Over JK Dobbins’ first 100 carries at Ohio State, no Buckeye had ever been as productive.
Those first 100 rush attempts brought 775 yards rushing, which was 87 yards more than the next closest Buckeye in school history.
Dobbins rushed for a freshman record 1,403 yards for Ohio State in 2017, averaging a Big Ten-best 7.23 yards per carry.
His sophomore season, however, was markedly different.
With 36 more attempts, Dobbins rushed for 350 fewer yards, averaging an underwhelming 4.58 yards per carry.
He was still the first Ohio State running back to eclipse 1,000 yards rushing in his first two seasons, but those two seasons were nearly polar opposites.
In 2017, Dobbins led the Big Ten with 16 rushes of at least 20 yards.
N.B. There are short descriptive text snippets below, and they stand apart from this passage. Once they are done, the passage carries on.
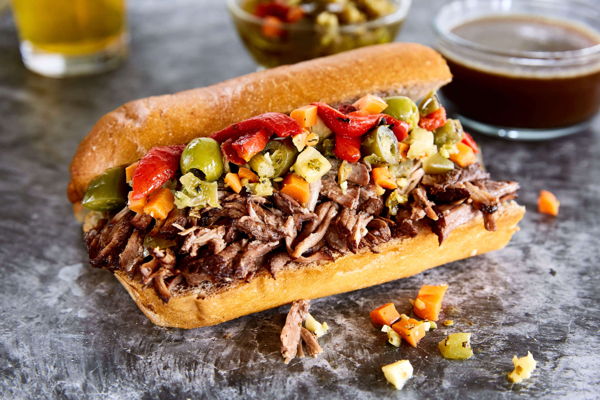 Photo of Chicago Style Italian Beef Sandwich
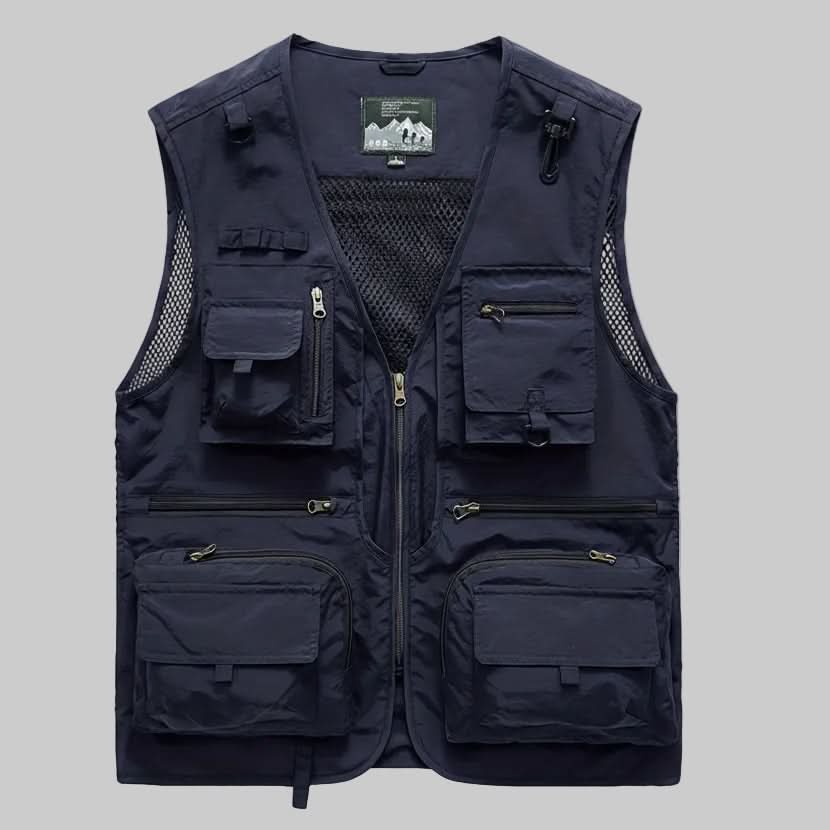ExplorerPro – Versatile Outdoor Vest with Secure Zippered Pockets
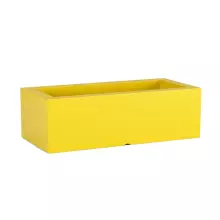 Żółta donica na szafkę OFFICE POT M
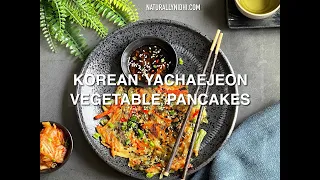 Korean Vegetable Pancakes (Yachaejeon)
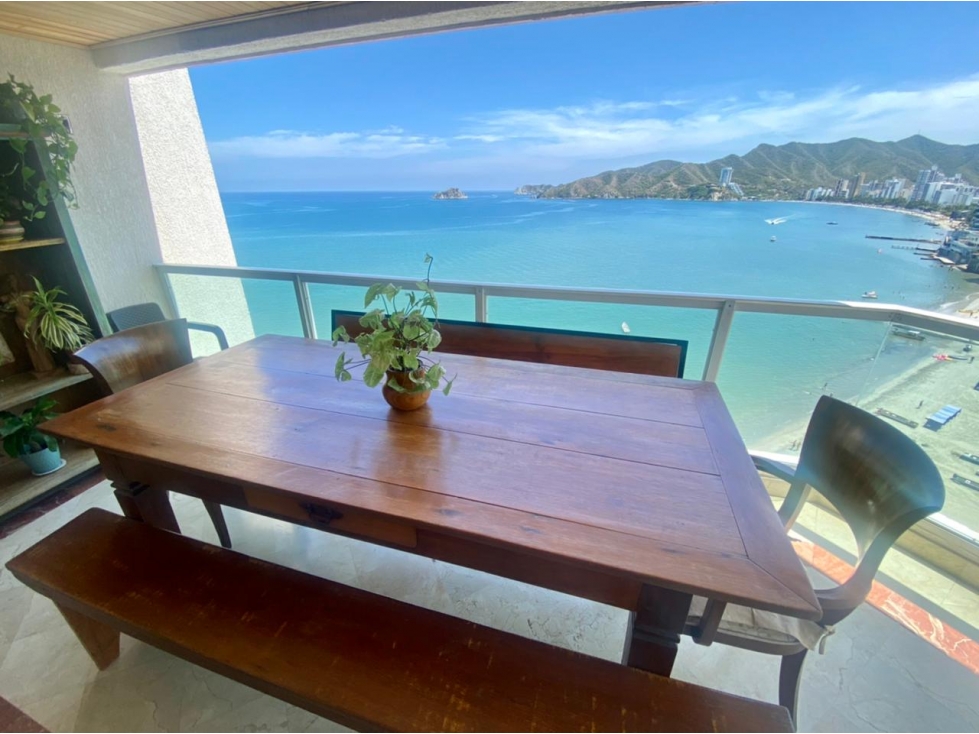 SE VENDE AMPLIO APARTAMENTO PRIMERA LINEA DE PLAYA, RODADERO SUR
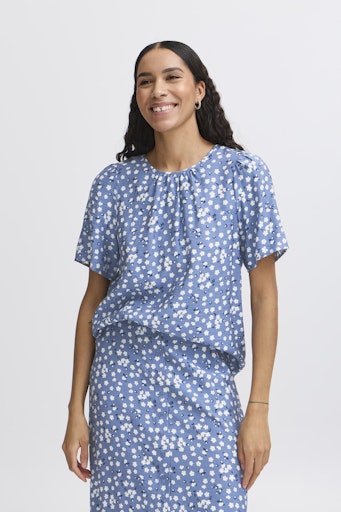 Ibano Blouse 3 - Blue Horizon Dits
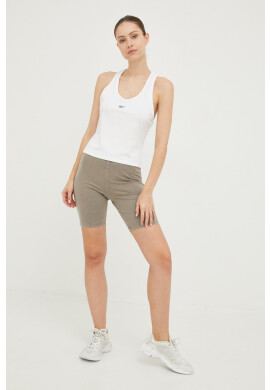 Reebok Топ за трениране Workout Ready в бяло - Pepit.bg
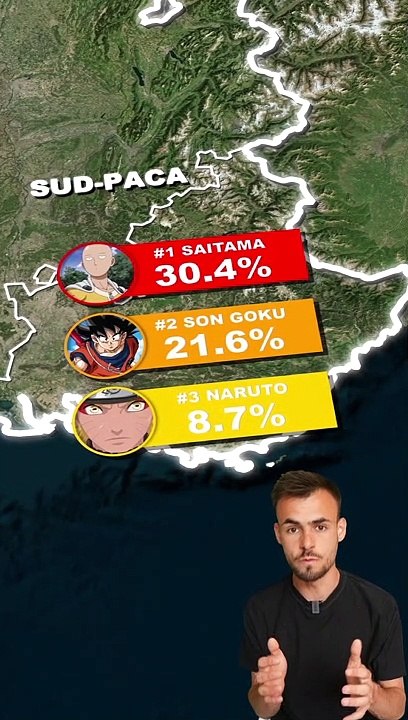 Les persos de manga les plus puissants par régions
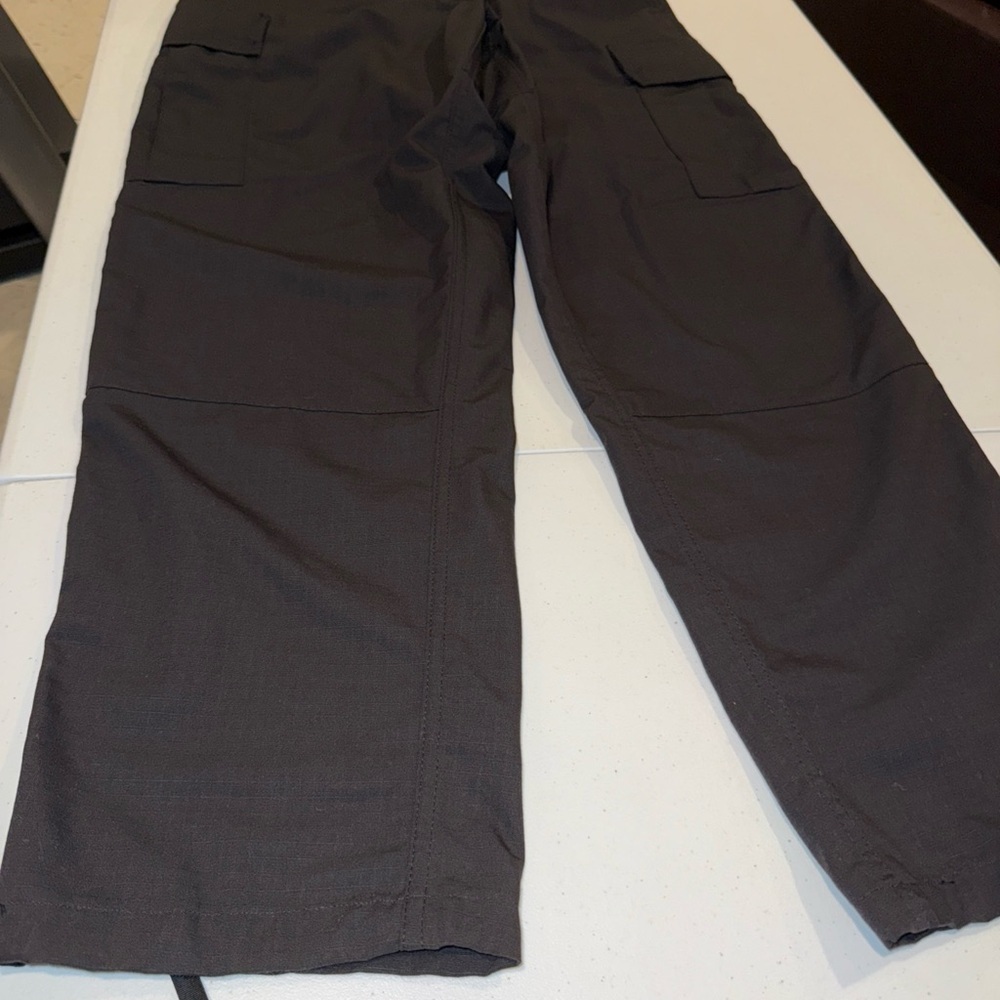 Tru-Spec Tactical BDU Cargo Operator Pants Black Mens Size Medium Regular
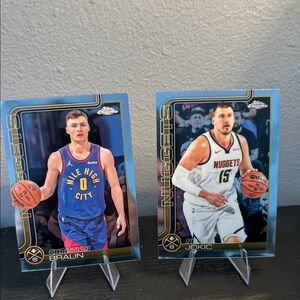 Denver Nuggets topps Chrome Nikola Jokic Christian Braun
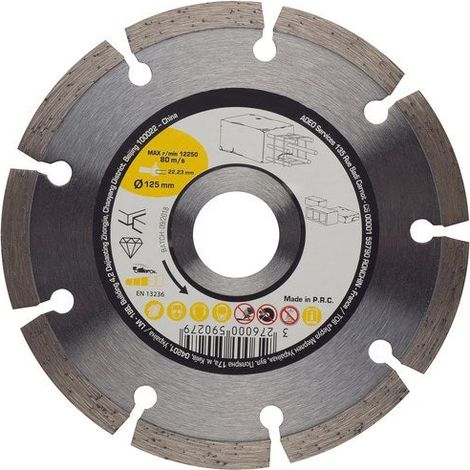 Disque Diamant Pour Béton, Diam.125 Mm (1/3)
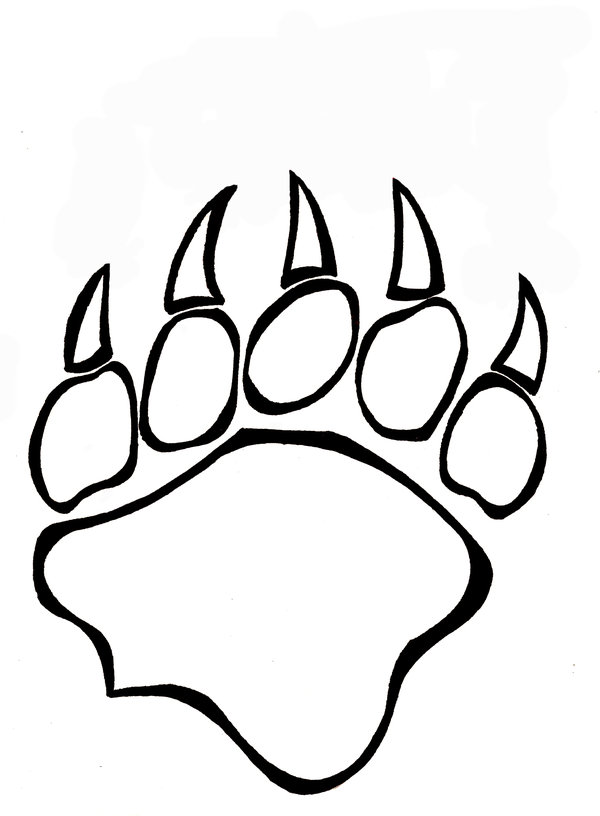 pix Polar Bear Paw Print Template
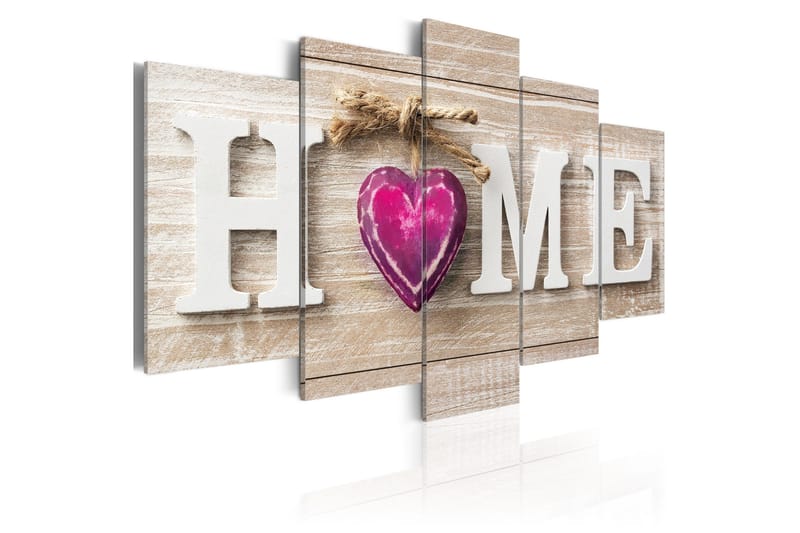 Tavla Home Pink Heart 100x50, Artgeist sp. z o. o.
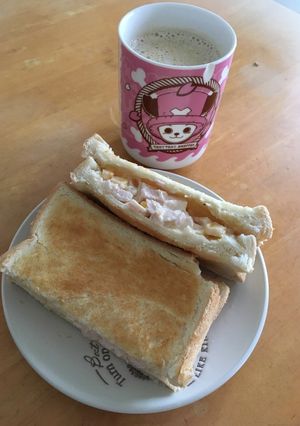 チキコーンマヨサンド-レシピのメイン写真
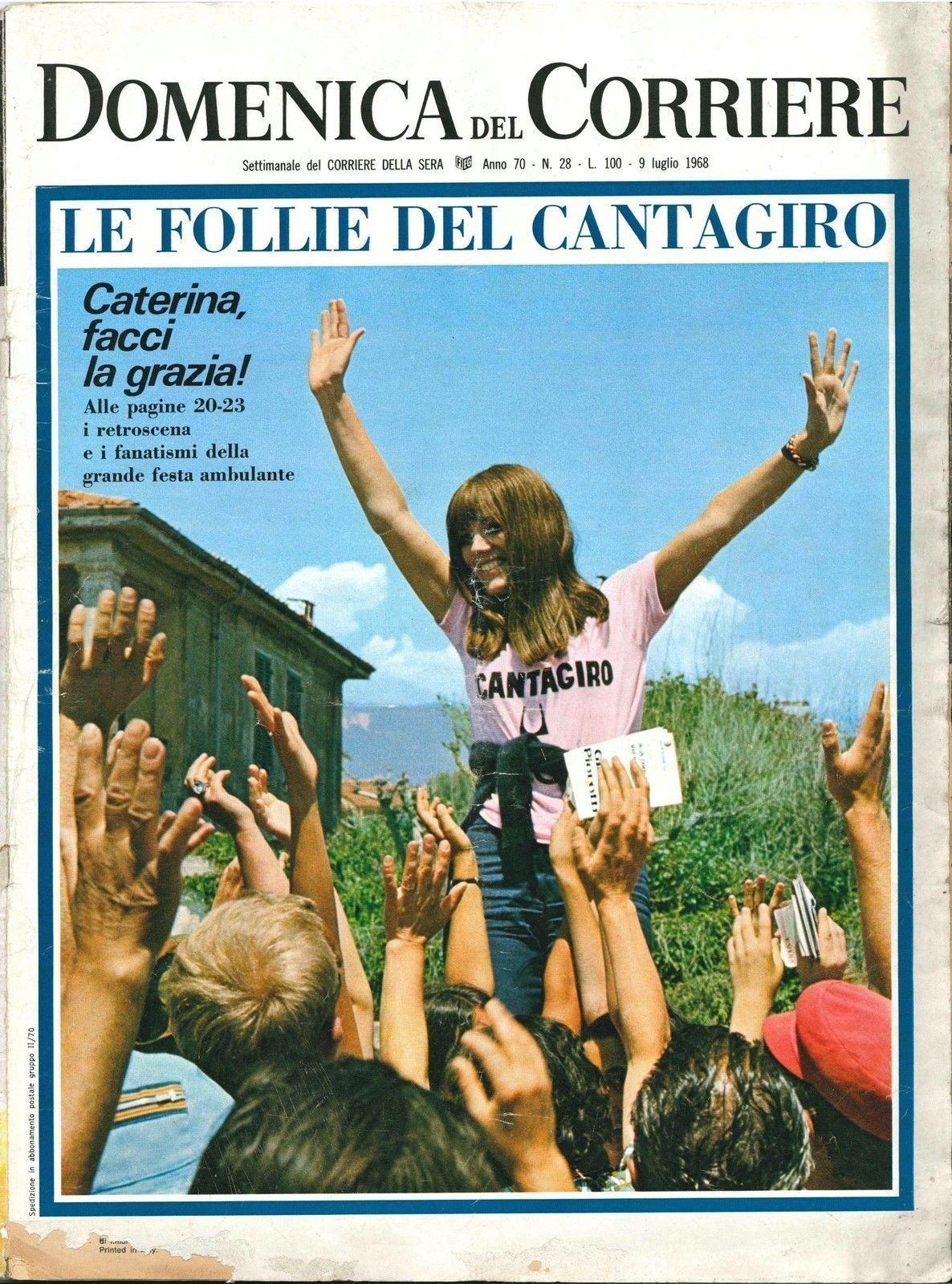 DOMENICA DEL CORRIERE N 28 - 9 LUGLIO 1968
Last year, he had just four such rushes. He was second in 2017 with 10 rushes of 30 yards and third with four 50-yard carries. In 2018, however, he had just one carry of 30 yards and nothing reaching 50 yards.
Eight quarterbacks in the Big Ten had as many 40-yard rushes as Dobbins (1) last year.
The reasons for Dobbins’ struggles have been examined in the past. Blame has been put on the offensive line, a pass-heavy offense, the lack of a quarterback run threat, the series-by-series rotation of tailbacks, but Dobbins points the finger at himself.
He was trying to make the most of his limited opportunities and was pressing.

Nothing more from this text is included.